26 Aralık 2024 Perşembe

26 Aralık Perşembe

Gün yine karanlık suratlı geçti, kuvvetli poyraza rağmen güneşimiz bulutların ağırlığıyla kaybolmuş gibiydi. Bir de yağmurumsu bir şey yağıyordu, toz halinde yağmur diye tanımlayayım.

Black Doves'dan bir bölüm daha izledim, bir yandan kan revan durumlarına sinir oluyorum -çocukken yaptığım gibi gözlerimi kapatıyorum- diğer yandan nereye bağlanacak bunca olay merak ediyorum.
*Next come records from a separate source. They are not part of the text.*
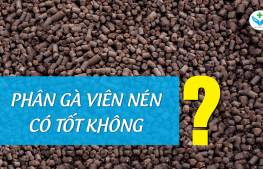 Phân gà viên nén có tốt không?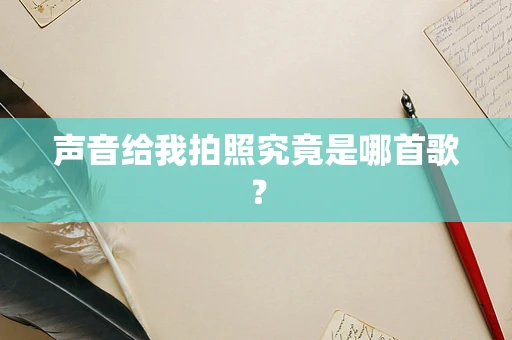 声音给我拍照究竟是哪首歌？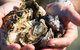 Freycinet Marine Farm - thumb 2
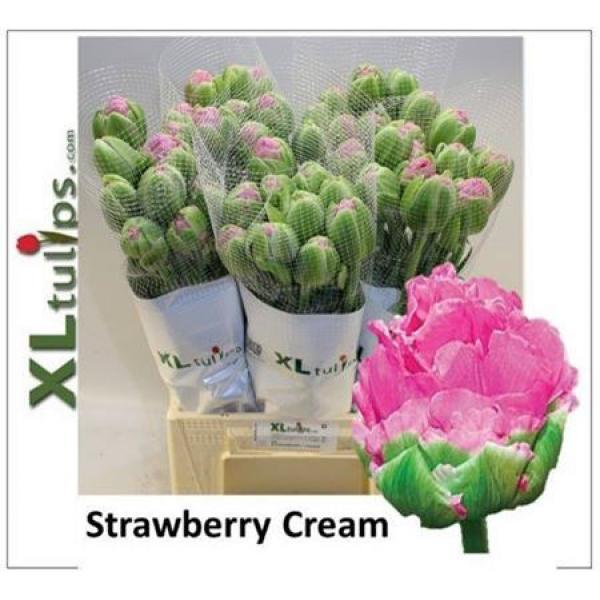 Tu French Du Strawber Cream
Dünkü yazının son paragrafını biraz açayım, eksik kalmış günün hikayesi ya da gözlemleri.
İstiklal Caddesi kalabalıktı, genellikle turistler çoğunluktaydı. 
Caddedeki kiliselerin önlerinde birer  polis arabası bekliyordu, kiliselerin avluları hareketliydi, muhtemelen bir kısmı meraklı gözlemci ve selfieci insanlardı.
İstiklal'de Büyük mağaza vitrinleri dışında pek renk yoktu, tepede ışıklı süsler vardı, ancak gündüz yanmıyordu.
Galata Kulesine doğru dönün Galip Dede Caddesi boyunca tepede ışıklı süsler ve yazılar asılmıştı, ancak onlar da yanmak için geceyi bekliyordu.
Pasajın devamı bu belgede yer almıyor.